2. Andere Verkehrsteilnehmer dürfen ihn nicht benutzen.
3. Ist anderen Verkehrsteilnehmern durch Zusatzzeichen die Benutzung eines gemeinsamen Geh- und Radweges er-
laubt, müssen Fahrzeugführer auf Fußgänger und Radfah-
rer Rücksicht nehmen. Erforderlichenfalls müssen alle die Geschwindigkeit an den Fußgängerverkehr anpassen.
Den letzten Satz könnte man in Deinem Sinn auslegen. Keine Ahnung, ob der schon immer so drin stand. Da aber §1 der STVO sowieso gilt, war das eigentlich auch schon immer so.

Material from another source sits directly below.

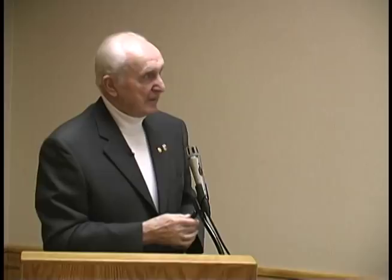Then schwung — very important, you need it all the time. If you go shoulder-in, travers, renvers, when you are riding through the corner, when you don't have schwung you get stuck in the corner. And you need schwung in the collection. You can't ride collection without schwung, but you can ride schwung without collection.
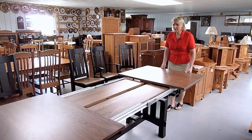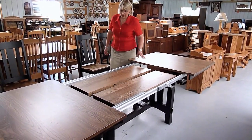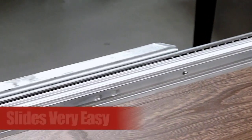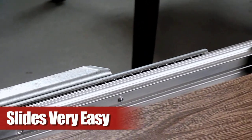Just open the table, and you can see the ball bearing glides. It glides and slides very easily. As you can see, I was able to open the table by myself.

„Auf „Schutzstreifen“ dürfen Kfz halten.“
OK, aber Schutzstreifen sind auch mehr eine visuelle Orientierung für Autofahrer und es gibt sie bereits seit 1997. Vielleicht schützen sie ja Radfahrer tatsächlich davor, zu knapp überholt zu werden. Keine Ahnung. In Dresden gibt es (oder gab es?) solch einen Schutzstreifen auf der Bodenbacher Straße, weil dort in der Mitte ein erhöhtes Gleisbett für die Straßenbahn ist und dadurch die Fahrbahn trotz starkem Verkehr sehr eng ist. Das finde ich erstmal nicht sooo schlecht, denn sonst würde sich außer den ganz abgebrühten dort kein Radfahrer auf die Straße trauen. Allerdings- immer dort, wo die Fahrbahn noch enger wurde, also z.B. an Straßenbahnhaltestelleninseln, und wo der Radfahrer wirklich Schutz gebrauchen könnte, hört der Schutzstreifen auf und zwar ohne „Achtung Radfahrer“-Schild… Dort hilft dann (und zwar mit oder ohne Schutzstreifen oder Fahrradspur oder was auch immer) nur knallhart mitten auf der Fahrbahn zu fahren, damit ja kein Auto auf die Idee kommt, einen zu überholen. Das ist nicht Jedermanns Sache.
Fazit: Schutzstreifen sind meist sinnlos aber sie sind auch nicht neu und sie sind selten.
„Mofas dürfen seit 20 Monaten außerorts immer aufs Wegelchen, auch links.“ Das halte ich für irrelevant, bei den wenigen Mofas, die es in Deutschland gibt. Für mich macht es keinen Unterschied, ob mir auf einem Radweg ein Fahrrad oder ein Mofa entgegenkommt. Wenn die Mofafahrer da was dagegen haben, sollen die sich aufregen.